Will the Sun Rise in the Morning, or Will it Set in the Evening?

A feature of the recent Liberty Forum Conference in St. Kitts was a debate over whether the world is headed toward deflation or inflation. The debate proved to be quite a lively one, with the two speakers conceding very little ground to each other. The first speaker made a strong argument in favour of a deflationary depression (including a drop in the value of precious metals), whilst the other made an equally strong argument for an inflationary depression (with a significant rise in the value of precious metals).

Both speakers were well-known to the attendees and both are contrarians, yet they took diametrically opposing views on this contentious topic.

I tend to see this discussion as being akin to, "Will the sun rise in the morning, or will it set in the evening?" As I have presented previously in International Man articles, I believe we will almost certainly see both deflation and inflation. In addition, we will experience stagflation and very possibly hyperinflation.

The Sun Will Rise in the Morning

The argument for deflation centres on the fact that, historically, when a crash occurs (such as a crash in either the bond or stock market, as we anticipate), deflation is a predictable knock-on effect. This is understandable as, with a crash, people instinctively pull in their horns through fear and diminish their spending, especially on big ticket items. Additionally, a crash shifts wealth out of the hands of the average person, limiting even those who would otherwise continue to spend. As a result, demand for (and therefore prices of) assets such as stocks and houses fall. It would not be surprising to see the price of gold fall, as people in trouble tend to sell anything they can to stay afloat.

The Sun Will Set in the Evening

The argument for inflation centres on the fact that the US Federal Reserve has stated, repeatedly and unequivocally, that they consider deflation to be the greatest threat to the economy, and should deflation occur even to a minor extent, they will step in quickly to inflate the deflation away. Fed Chairman Ben Bernanke famously stated in 2002 that, if necessary, in order to get currency into the system, he would drop money from helicopters.

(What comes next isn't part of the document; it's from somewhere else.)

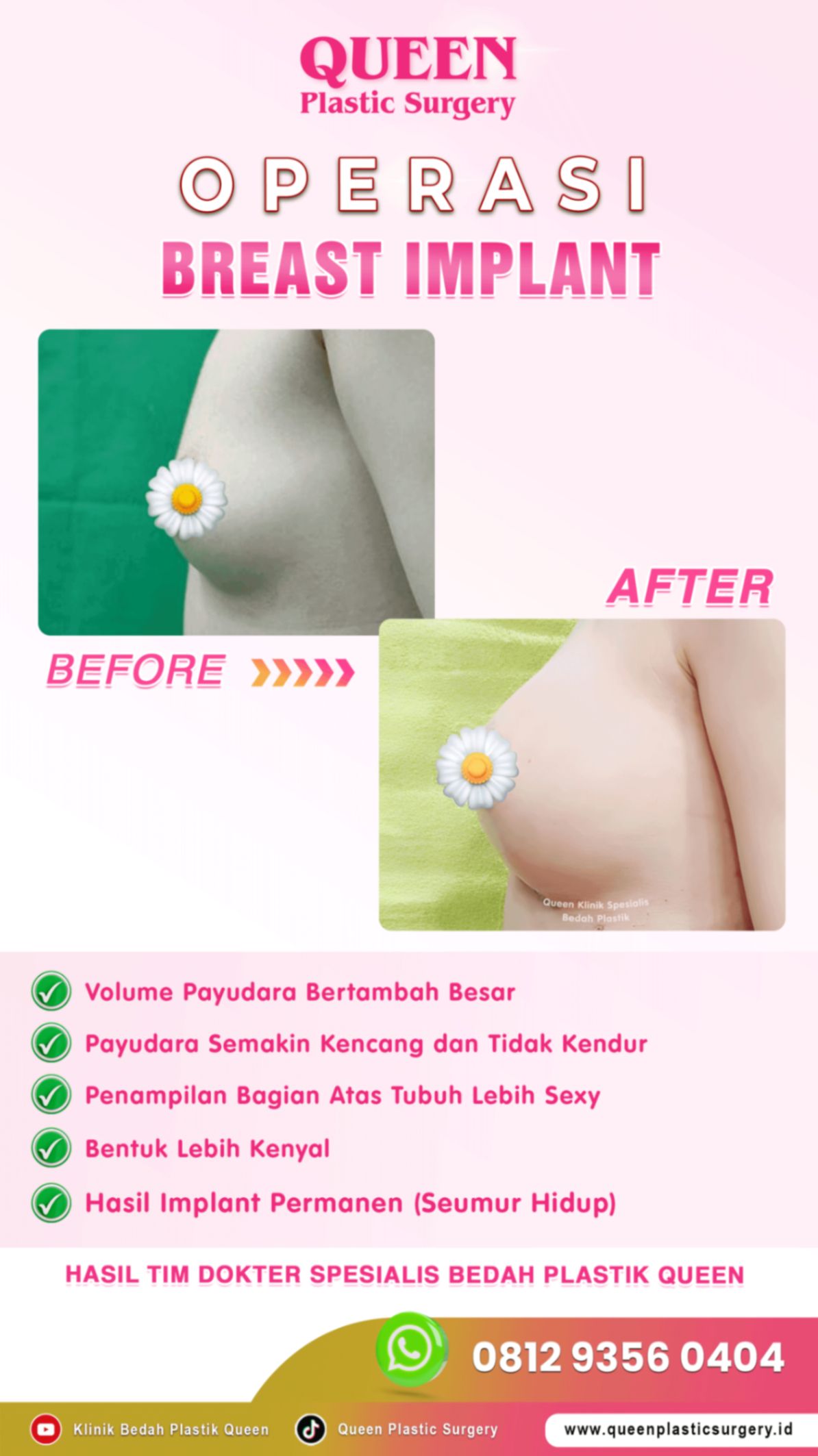 Hasil Breast Implant Queen Plastic Surgery, foto 22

Mister Bernanke's "solution" is the one most often taken by governments that face deflation. Commonly, in doing so, governments over-inflate, and the inflation takes on a life of its own. Consumers, not wishing to hold a devaluing currency, tend to rid themselves of it, leading to hyperinflation. A concurrent dramatic rise occurs in the price of gold, creating a mania, as it is revealed as being a safe haven for wealth.

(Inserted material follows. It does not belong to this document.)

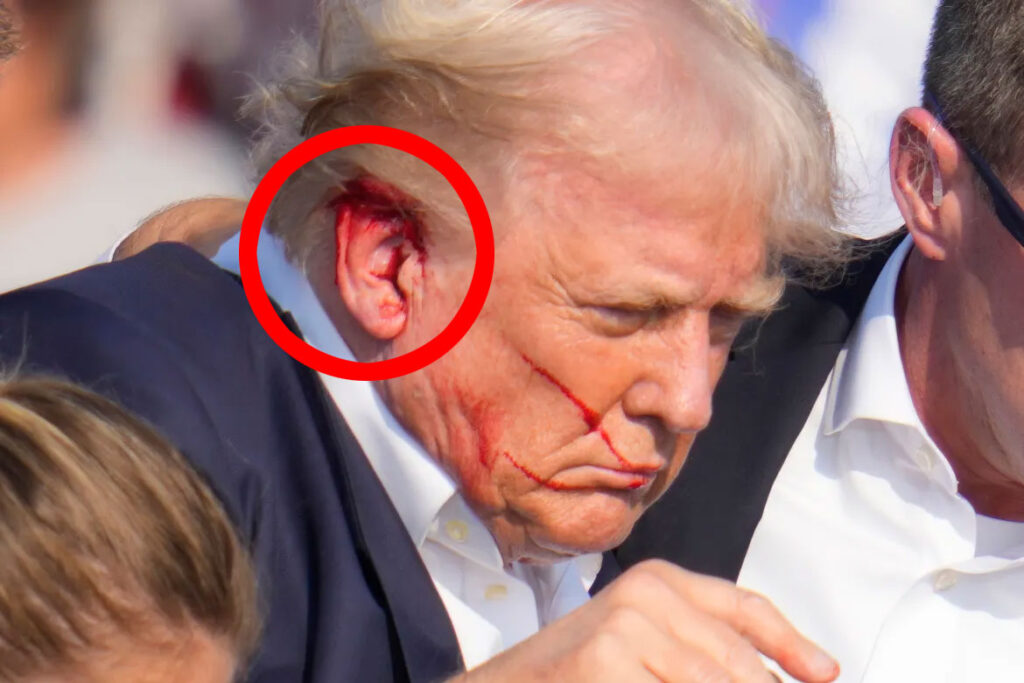 trump-bullet-ear-prophecy-1024x683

The Sun Will Both Rise and Set

Both of the above arguments are soundly reasoned. The trouble in debating them, however, is that each is taken in isolation. As we have previously predicted, both can occur. Here is what I consider to be the most likely combination:

A crash occurs. Deflation is an immediate result. The Fed steps in quickly to counter the deflation, but regulating the balance is not a simple matter. It takes time to reverse the downward trend, and it is difficult to maintain control of the rise. Hence, dramatic inflation then occurs.

Further, it is entirely possible that we shall see inflation and deflation at the same time. We may well see deflation in the value of assets, such as real estate, whilst seeing commodity prices, such as fuel and food, rising—the worst possible combination of deflation with inflation, yet one that I consider not only possible but likely. (Typically, wages do not rise to keep up with the rising cost of essential goods, and the standard of living drops for most people.)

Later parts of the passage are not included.